Out of Oz by Gregory Maguire

"They could not cross the carpet to take each other in their arms.  Maybe someday, but not today"  More of their childhoods had to be stolen, yet, for that to happen - or maybe some of it returned to them.  The charmless future would show them if, and when, and how."

"I mustn't keep you, dear.  And I have much to attend to myself.  I just so wanted to know if it was true, and now I know.  Maybe Elphaba will come back one day, or maybe she won't, but in the meantime I have known you.  That will see me through, I do believe."

"She would make no plan but this: to move out into the world as a Bird might, and to perch on the edge of everything that could be know.  She would circle herself with water below and with sky above.  She would wait until there was no stink of Oz, no breath of it, no wight of it on any horizon no matter how high she climbed.  And then she would let go of the book, let it plunge into the mythical sea.
Live life without grasping for the magic of it.
Turn back, and find out what that was like; or turn forward, and learn something new.
A mile above anything known, the Girl balanced on the wind's forward edge, as if she were a green flick of the sea itself, flung up by the turbulent air and sent wheeling away."

"Oz at sunrise.  What one makes out, from any height, are the outlines.  The steel-cut peaks of the Great Kells, the pudding hills of the Madeleines.  The textured outcroppings of Shiz, Bright Lettins, the Emerald City...This is a roughed-out landscape only coming into life.  A map done in smudged pencil, a first draft.  Much to be filled in when light arrives.  But thank you, Mr.

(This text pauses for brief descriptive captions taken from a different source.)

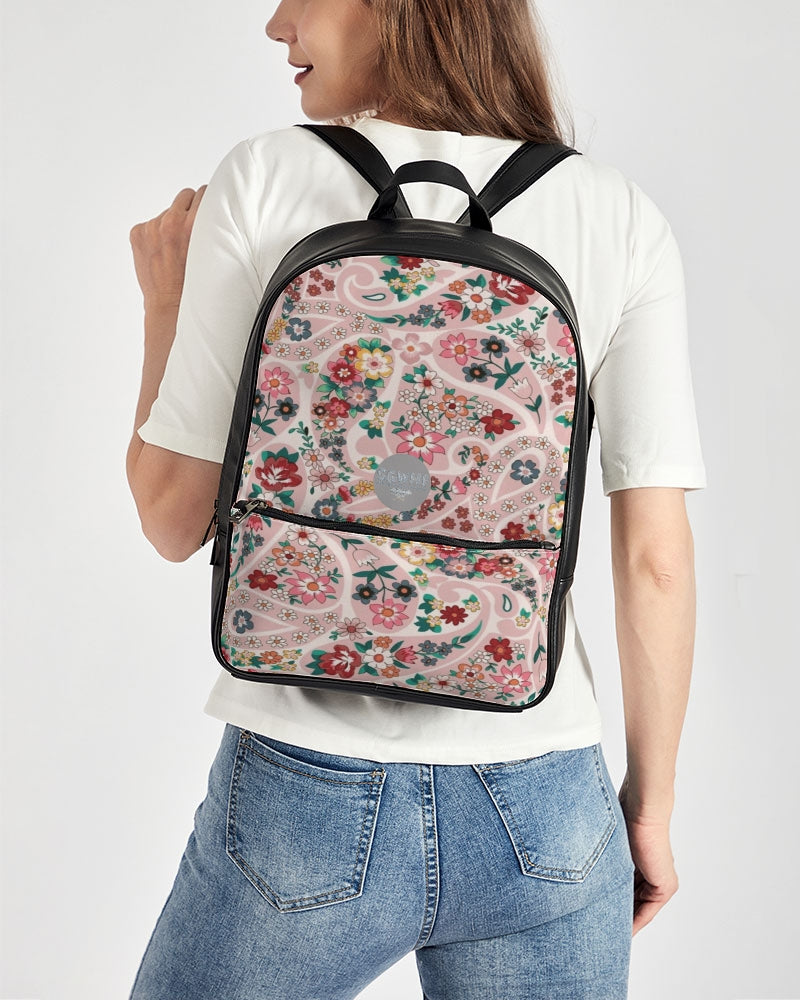 Pink abstract Pretty Sisters Classic Faux Leather Backpack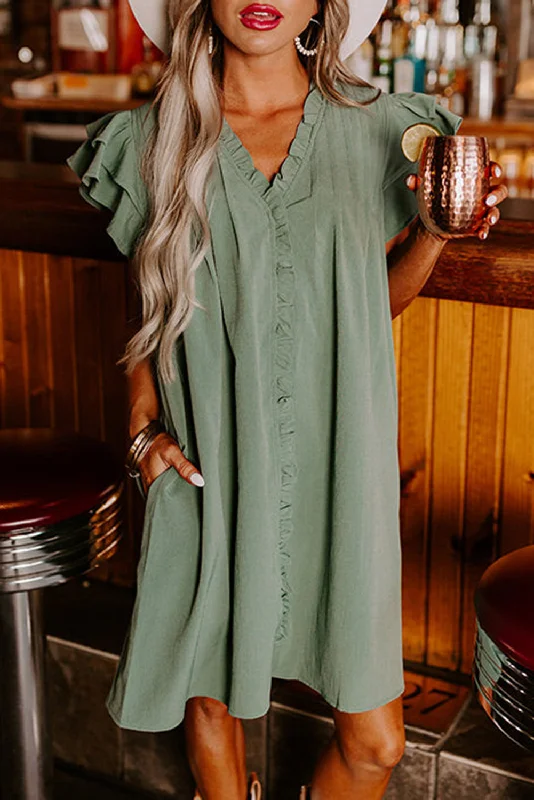 chic wrap dressMist Green Ruffle Trim Sleeve V Neck Pocketed Mini Dress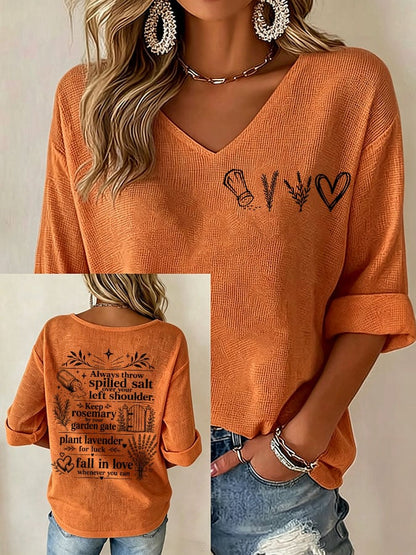 Women's Always Throw Spilled Salt Over Your Left Shoulder Print V Neck Top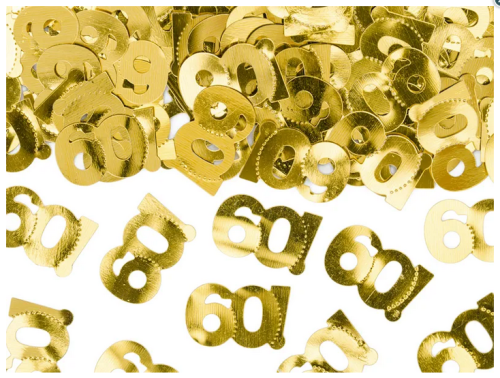 Konfetti metalizowane liczba 60, 15g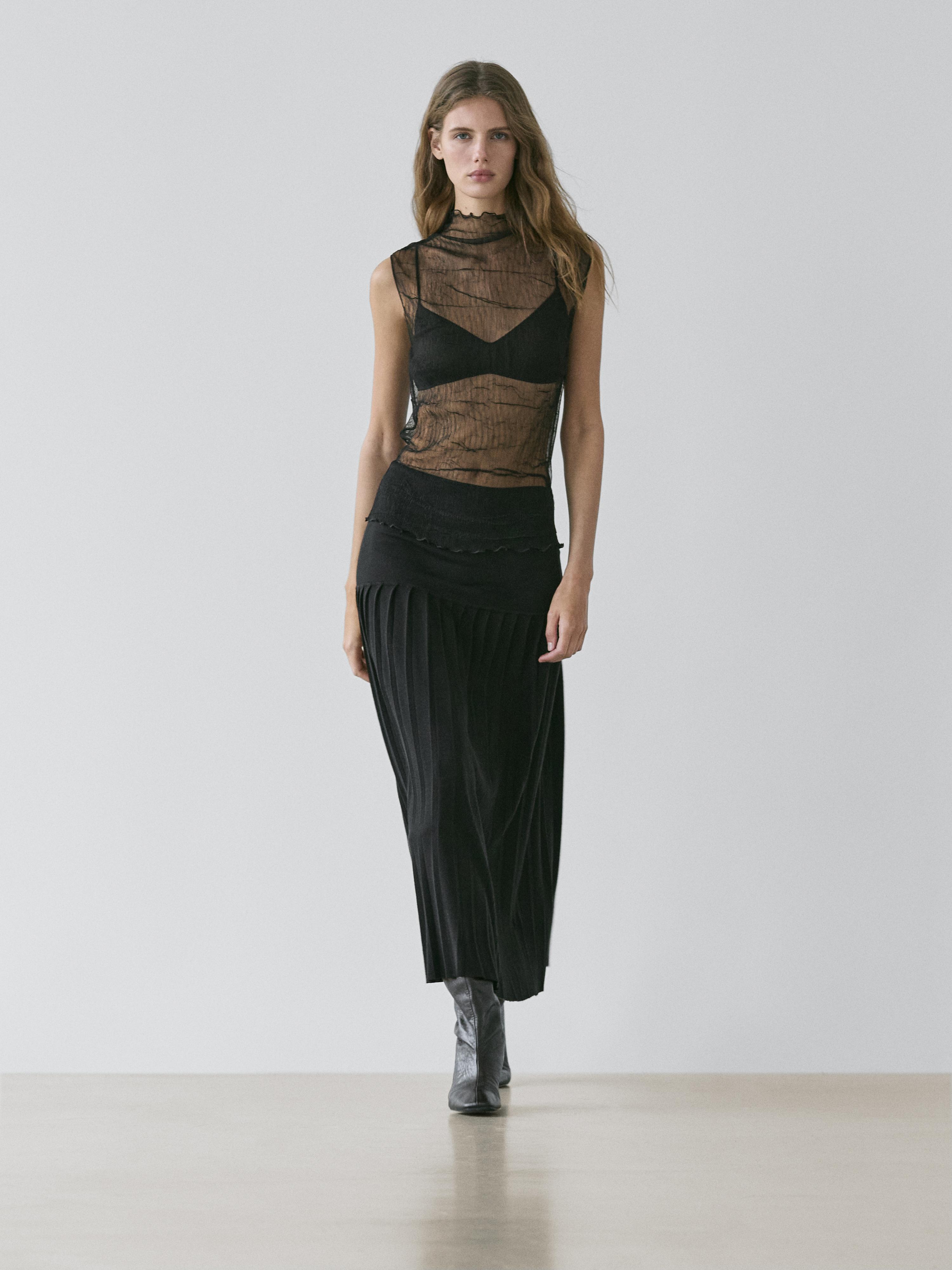 Sheer high neck top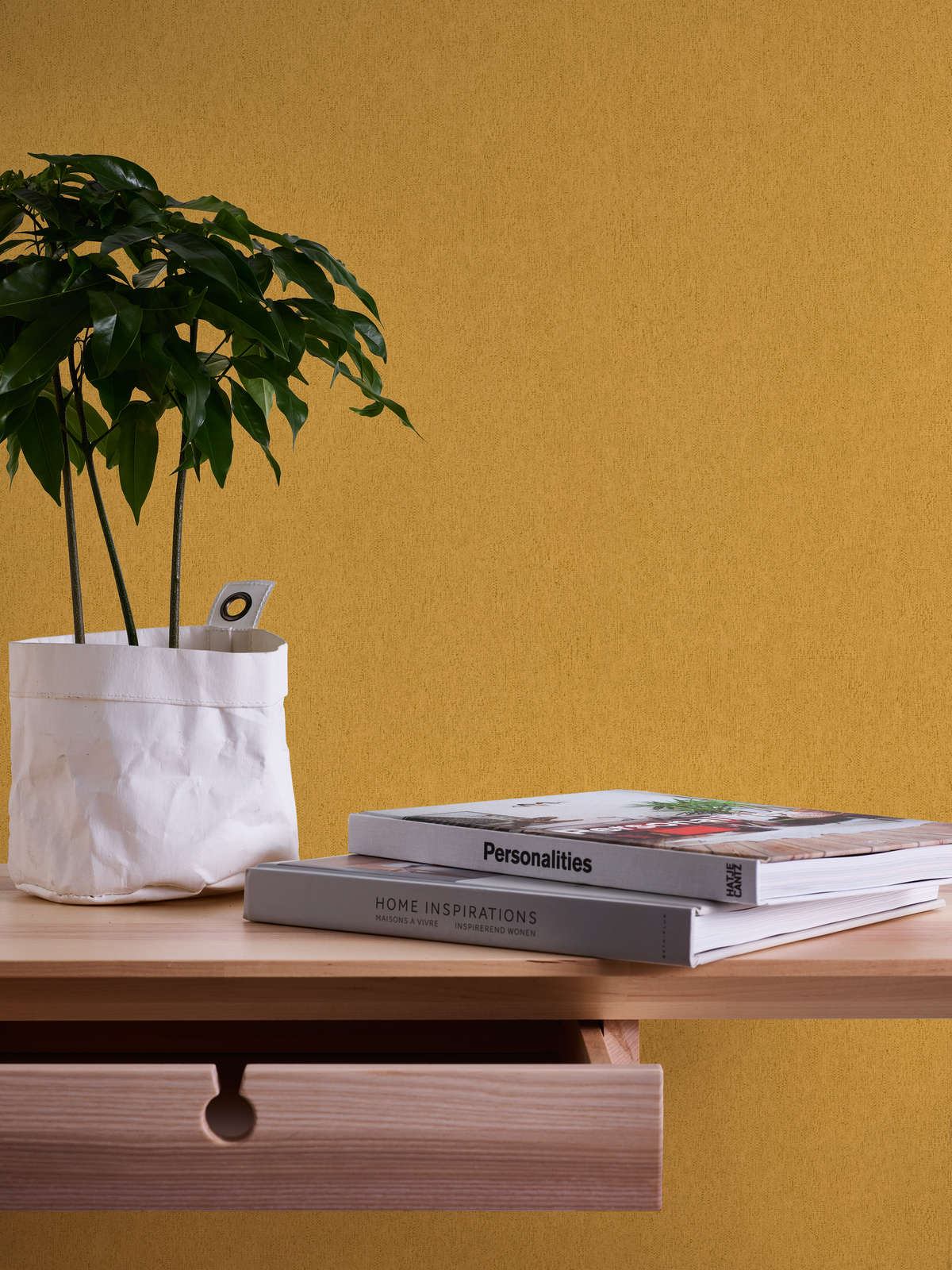             Plain wallpaper with structure optics matt & smooth - yellow
        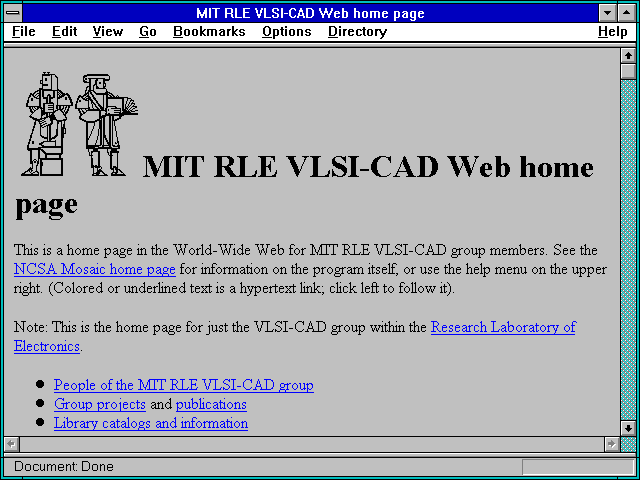 Screenshot of MIT RLE VLSI-CAD Web home page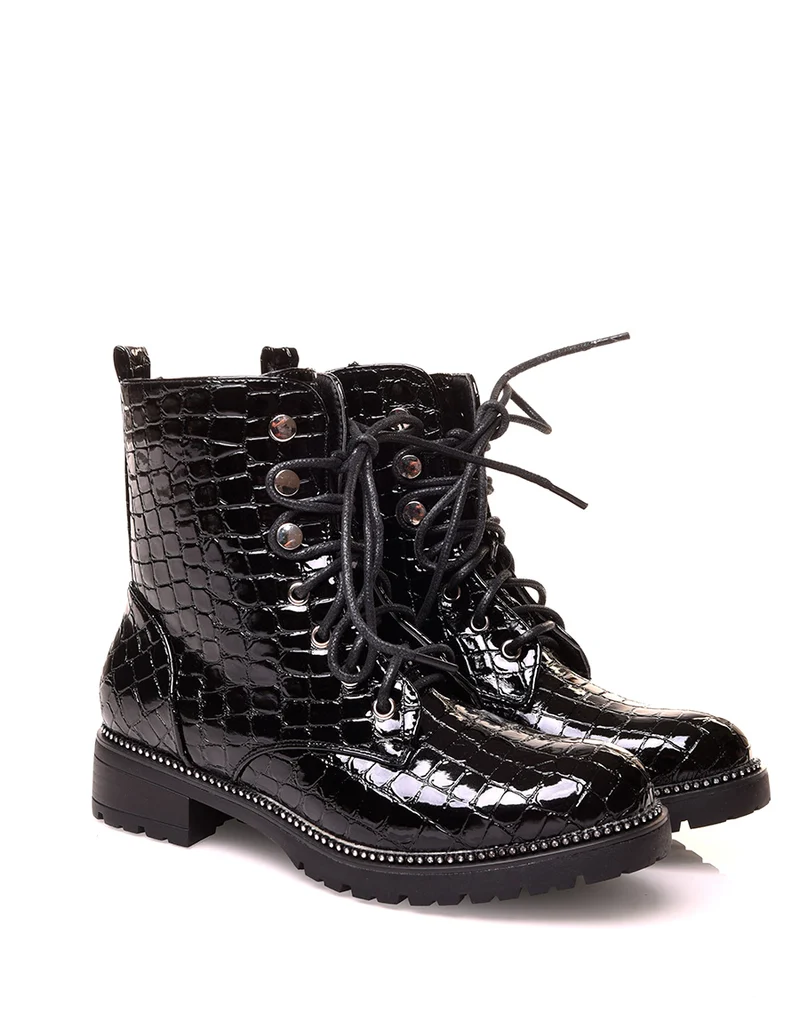 Bottines montantes noires vernies à effet croco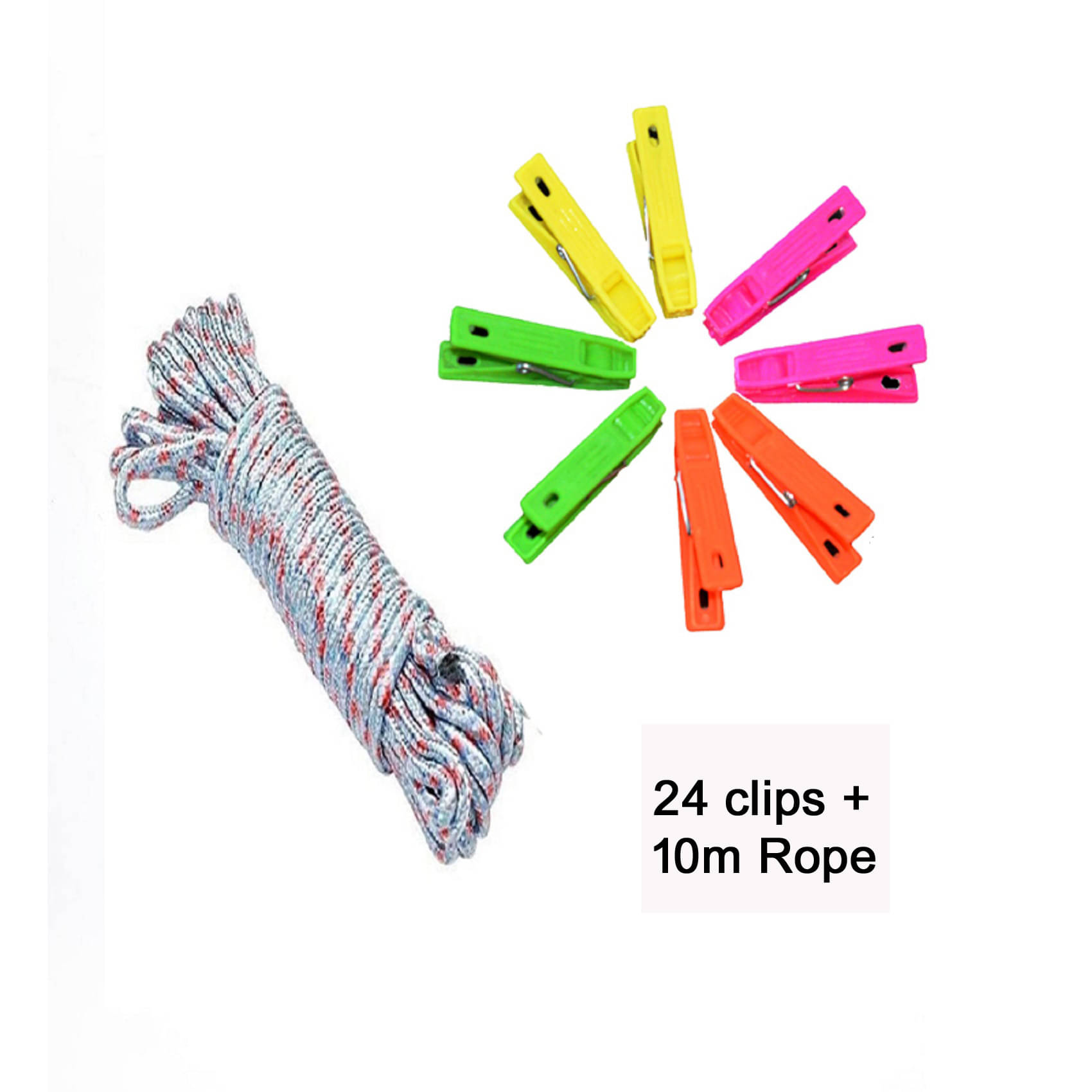 VillWin Hanging Cloth Clips for Drying Clothes Pack of 24 with 10m Rope VillWin Hanging Cloth Clips for Drying Clothes Pack of 24 with 10m Rope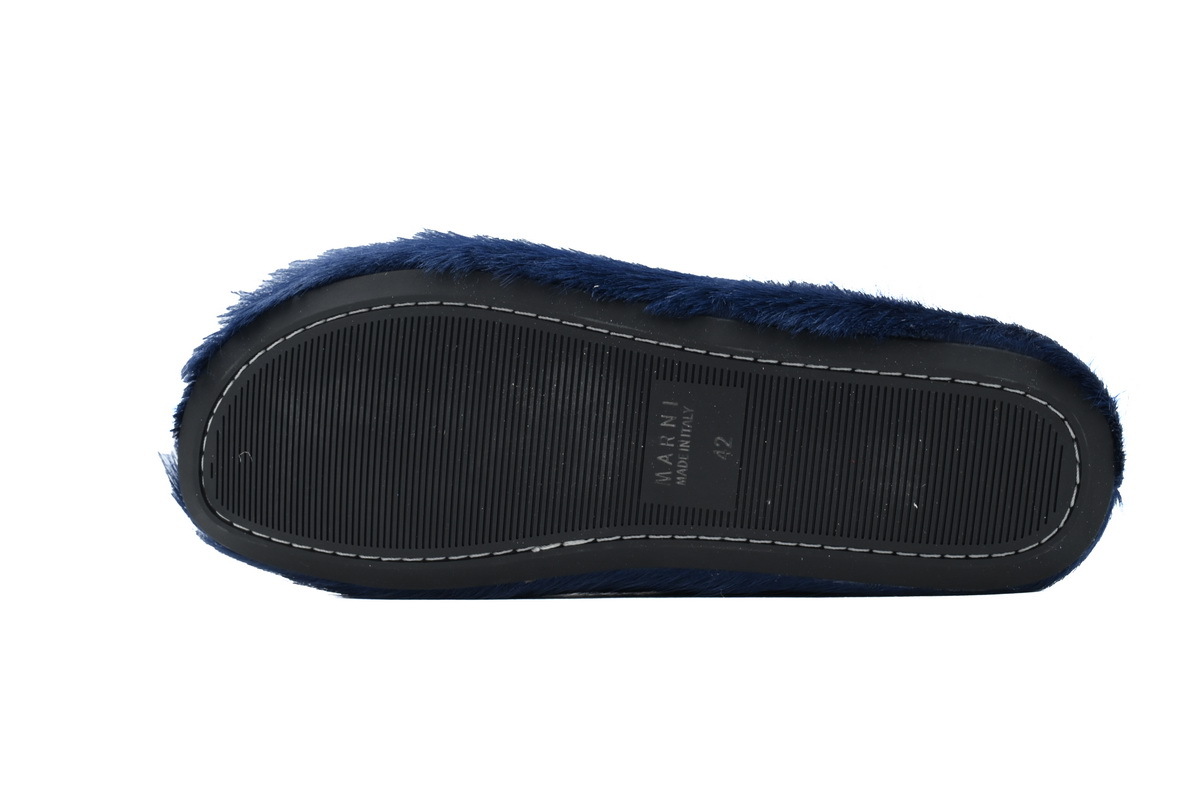 Marni Loafers Long-hair Calfskin Fussbett Dark Blue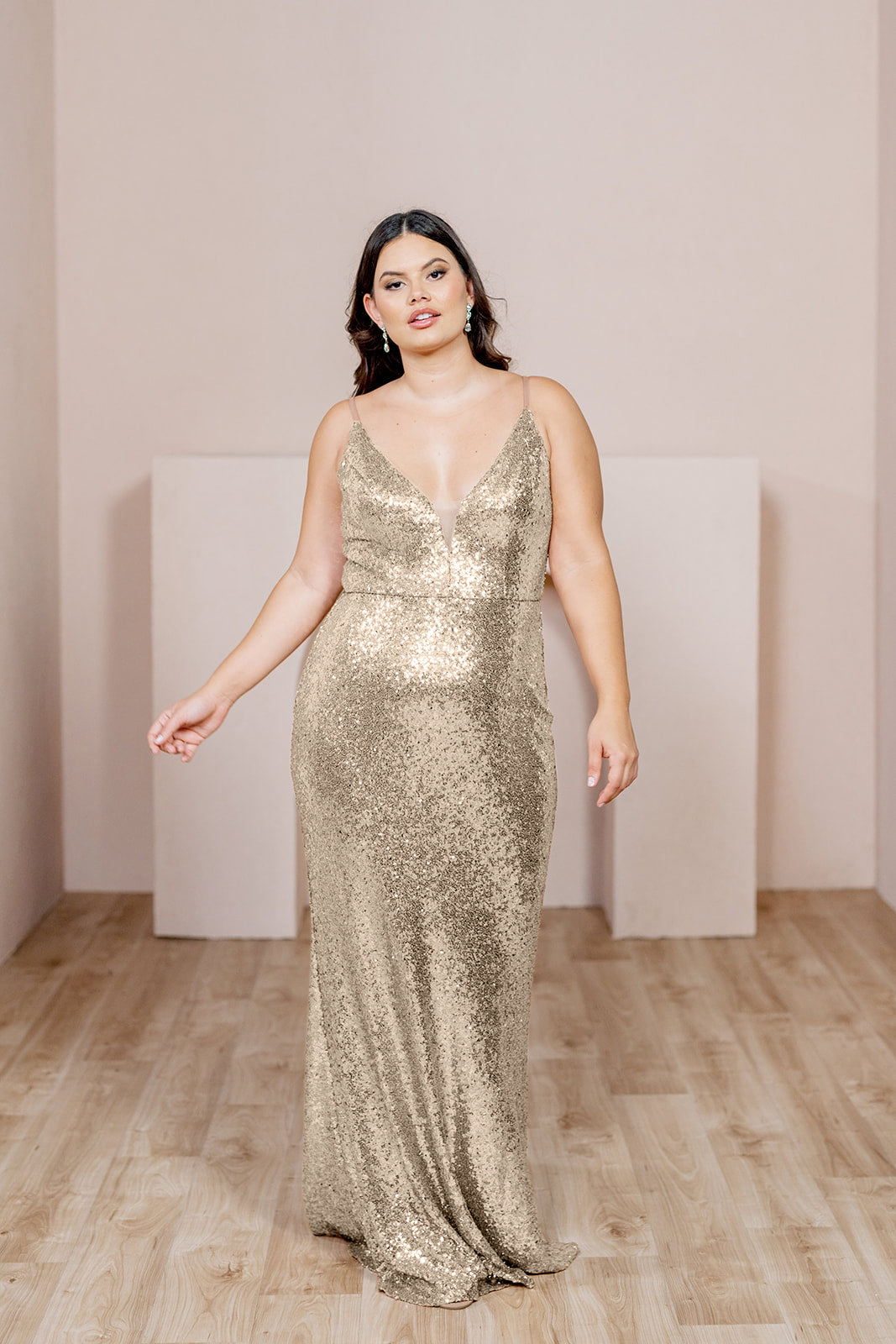 Camilla Sequin Dress | Ready To Ship | Matte Rose Gold 10 / Regular Maxi Camilla Sequin Dress | Ready To Ship | Matte Rose Gold 10 / Regular Maxi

Baum, for leaving the map where I could find it.
Watching the world wake up, dress itself in the dark, take on its daily guise, reminds me of how we fathom human character when we encounter someone at a distance, at a gallop, in the shadows.  We get no more than a quick glance at the man on the street, the child in the woods, that witch at the well, the Lion among us.  Our initial impression, most often, has to serve.
Still, that first crude glimpse, a clutch of raw hypotheses that can never be soundly clinched or dismissed, is often all we get before we must choose whether to lean forward or to avert our eyes.  Slim evidence indeed, but put together with mere hints and echoes of what we have once read, we risk cherishing one another.  Light will blind us in time, but what we learn in the dark can see us through.
To read, even in the half-dark, is also to call the lost forward."




This is the fourth and final volume of Gregory Maquire's "The Wicked Years," an interesting twist on L. Frank Baum's "Wizard of Oz" children's book serious.  The first volume tells the tale of Elphaba, who eventually becomes known as the wicked witch of the west.  "Out of Oz" is the story of Rain, Elphaba's grand-daughter, in the mist of a great civil war in Oz.

These books are one of the best series I have read!  I love Gregory Maguires unique storytelling abilities to capture a world reads already know and turn them into something else entirely.  The second and third volumes took me a little longer to get through then the first (which I've read at least three times already), but reading the final volume made it completely worth it!

This book was #7 on my top ten list of 2012.